### [EXERCISE OBJECTIVE]
Which lines run from the line with "Narożnik PLAZA Mini" through the line with "ショート カラー パーマ" in the entries below? Print them exactly, both ends included, and nothing more.

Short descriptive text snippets
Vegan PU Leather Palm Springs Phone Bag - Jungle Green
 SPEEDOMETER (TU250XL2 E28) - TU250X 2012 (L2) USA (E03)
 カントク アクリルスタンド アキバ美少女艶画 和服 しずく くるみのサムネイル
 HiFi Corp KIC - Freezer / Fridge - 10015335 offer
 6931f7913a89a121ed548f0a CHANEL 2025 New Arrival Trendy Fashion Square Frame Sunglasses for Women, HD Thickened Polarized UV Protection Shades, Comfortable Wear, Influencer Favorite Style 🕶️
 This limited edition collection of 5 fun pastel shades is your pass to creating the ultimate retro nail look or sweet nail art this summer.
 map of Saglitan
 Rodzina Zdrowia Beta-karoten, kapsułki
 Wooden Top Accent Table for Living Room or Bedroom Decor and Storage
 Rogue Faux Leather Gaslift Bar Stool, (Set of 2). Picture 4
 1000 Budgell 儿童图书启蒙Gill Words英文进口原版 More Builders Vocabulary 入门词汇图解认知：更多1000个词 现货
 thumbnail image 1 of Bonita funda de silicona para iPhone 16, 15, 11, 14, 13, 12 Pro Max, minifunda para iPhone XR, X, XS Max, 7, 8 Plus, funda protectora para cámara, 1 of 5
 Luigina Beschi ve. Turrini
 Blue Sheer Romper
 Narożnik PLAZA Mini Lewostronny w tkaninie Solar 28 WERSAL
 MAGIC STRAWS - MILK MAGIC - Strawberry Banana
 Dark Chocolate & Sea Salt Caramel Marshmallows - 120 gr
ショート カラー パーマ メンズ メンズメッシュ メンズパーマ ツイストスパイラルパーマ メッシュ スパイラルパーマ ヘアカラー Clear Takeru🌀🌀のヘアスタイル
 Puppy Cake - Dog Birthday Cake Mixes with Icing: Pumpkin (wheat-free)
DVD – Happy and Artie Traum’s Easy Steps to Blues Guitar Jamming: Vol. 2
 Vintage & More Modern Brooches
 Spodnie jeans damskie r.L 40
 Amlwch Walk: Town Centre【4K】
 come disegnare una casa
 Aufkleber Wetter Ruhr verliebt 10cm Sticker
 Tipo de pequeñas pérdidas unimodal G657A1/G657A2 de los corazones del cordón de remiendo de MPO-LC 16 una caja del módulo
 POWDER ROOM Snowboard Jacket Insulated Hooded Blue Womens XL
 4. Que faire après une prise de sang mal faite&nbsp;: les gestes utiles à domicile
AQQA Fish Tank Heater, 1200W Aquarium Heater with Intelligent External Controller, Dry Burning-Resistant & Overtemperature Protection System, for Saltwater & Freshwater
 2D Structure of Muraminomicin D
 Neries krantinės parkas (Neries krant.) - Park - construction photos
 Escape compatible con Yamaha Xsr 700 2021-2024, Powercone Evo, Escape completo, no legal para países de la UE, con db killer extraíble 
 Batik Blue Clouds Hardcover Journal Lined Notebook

### [TASK RESULT]
 Narożnik PLAZA Mini Lewostronny w tkaninie Solar 28 WERSAL
 MAGIC STRAWS - MILK MAGIC - Strawberry Banana
 Dark Chocolate & Sea Salt Caramel Marshmallows - 120 gr
ショート カラー パーマ メンズ メンズメッシュ メンズパーマ ツイストスパイラルパーマ メッシュ スパイラルパーマ ヘアカラー Clear Takeru🌀🌀のヘアスタイル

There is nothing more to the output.